Such a positive outlook must be tempered by early words from the Clinton administration that there is no room in the FY 1999 budget request, due this coming February, for research increases. The FY 1999 budget process is already well under way within the executive branch and has been since even before the last budget request was released.

The executive branch budget process consists of several rounds of horse-trading between federal agencies and the White House Office of Management and Budget to produce the president's budget request, which in turn initiates the congressional phase of the process again. The bills that emerge from Congress roughly seven months later seldom deviate from the president's request by more than a couple of percentage points -- which emphasizes how important it is for scientists to make their priorities known to both the administration and the Congress.
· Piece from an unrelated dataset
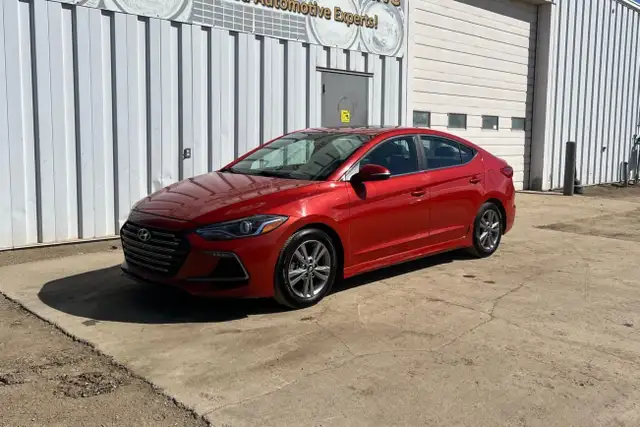 2017 Hyundai Elantra Sport - Photo 9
It is usually easier to retain funding for an item included in the president's request than it is to add a line item later on during the congressional phase. Unless, that is, your representative or senator happens to chair a relevant appropriations subcommittee.

A decade of investment

With the budget process taking longer each year, many have called for a shift to a two-year budget cycle in which a single bill would provide funds for two fiscal years. Such a plan seems sensible, given that Congress works on a two-year election cycle. Annual appropriations can produce unpredictable fluctuations that are a major destabilizing element for long-term programs, particularly those with international collaborators. Bills that authorize funds for agencies and programs often do so for multiple years, so why not appropriations as well?
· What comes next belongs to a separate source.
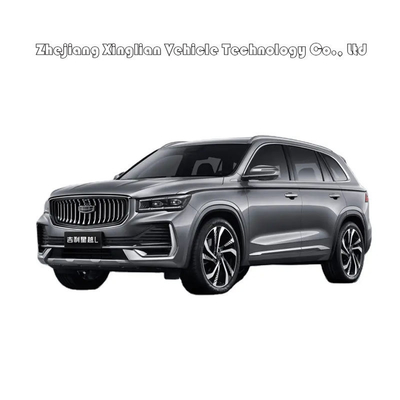 2023 Jeely Geely Monjaro 엑시뉴 L 플래그십 엑스클루시브 2.0t 238PS 175kw 350nm 4WD 가솔린 SUV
Because money is power. A biennial process offers Congress half as many opportunities to serve their constituents with local projects, the proverbial pork. In that context, budgetary stability is no substitute for bringing home the bacon.

Although scientists cannot change the annual appropriations cycle, they can mitigate its effects by putting Congress on record in support of long-term increases for research funding. Spurred on by the positive reaction to earlier community-wide efforts, more than 100 science and engineering societies (including AGI and a number of its member societies) have called on Congress and the administration "to double the current level of investment in research within the next ten years."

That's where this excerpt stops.